I do it for the kids. From what I hear it is essential to their development as a normal person. Something about freedom, and dirt. If it were up to me we’d rent some giant camper that has a sink and a toilet. But my husband and I have decided that we must try to be grown-ups about this, that a few bug bites never hurt anybody and that fishing meat sticks out of a cooler that is filled with luke-warm water is okay. Not great, but okay.

I had high hopes for this year, which started to fail when we drove through driving rain to find our campsite. We’d driven through the worst of it, but I was mentally noting the motels along the way, trying hard not to “call it” even before we got there. Instantly upon arrival, my daughter announced that her tummy hurt. We got to say hello to our friends, the ones who have all the gear that we mooch off of, and then we headed off to find the nearest port-o-potty. I would become friends with this four by four bit of land, as I would spend many a twenty-minute stint there, holding my nose. She was a trooper and didn’t cry, not even once. (I would have cried. ) At one point I stared at the wall, trying to ignore the odious funk. My only thought was from a Discovery show long ago: a vision of giant mounds of dirt that African ants build, like giant towering beehives. I imagined that only a few feet below us was one such mound, created mostly by my daughter, and possibly a few other campers. The thought was erased as I saw a spider so huge I could see it was looking at me, sizing me up. It had eyeballs, massive, light catching eyeballs. I pointed out a moth for my daughter to look at, hoping she wouldn’t see the hairy thing in the corner.

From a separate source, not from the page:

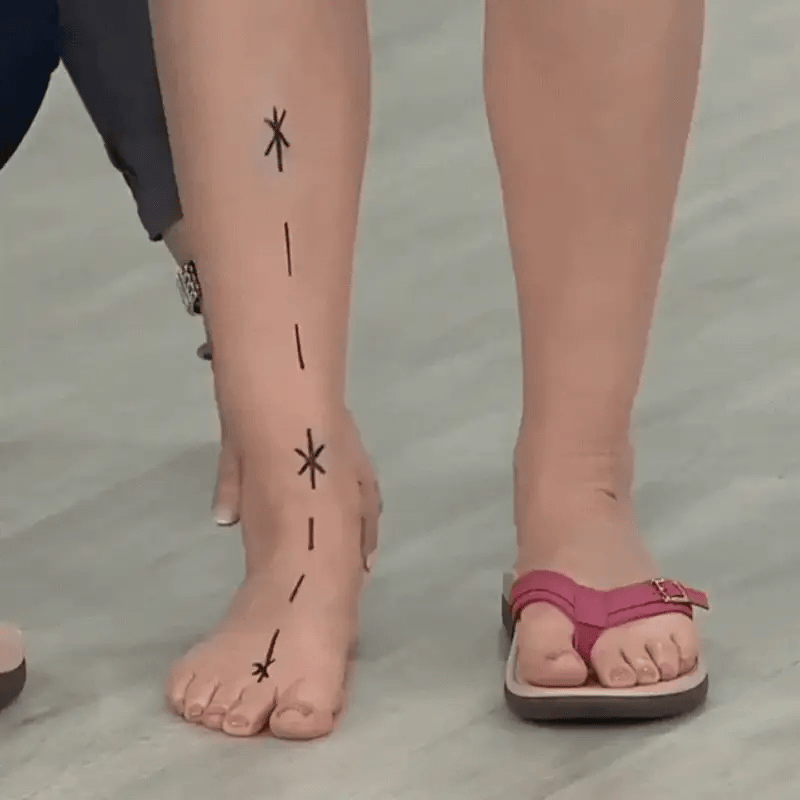 Sandales Orthopédiques Miami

The site was gorgeous and lush, plenty of overturned trees and mossy trails for the kids to feel like they were unsupervised and therefore teetering on the edge of danger. (No danger befell us, which is important to me, as I have a very real fear that the kids will poke their eyes out with sticks, any minute now.) We did find out on the first night that the site was situated under a military fly zone, and they practice at night. WWHHHHHHHHOOOOOOMMMMPPPPHHHHHHHH. It sounded as if aliens were crashing into our campsite, or sucking us into their mothership, roughly every three hours. But we weren’t getting three hours of sleep in between, thanks to the barking dog, the great horned owl (I found out that owls are stupid, by the way, not wise, and next time I meet one I will not feel such reverence for it) and the woman who drunk about sixteen more beers than she should have and let her teenage sons have it.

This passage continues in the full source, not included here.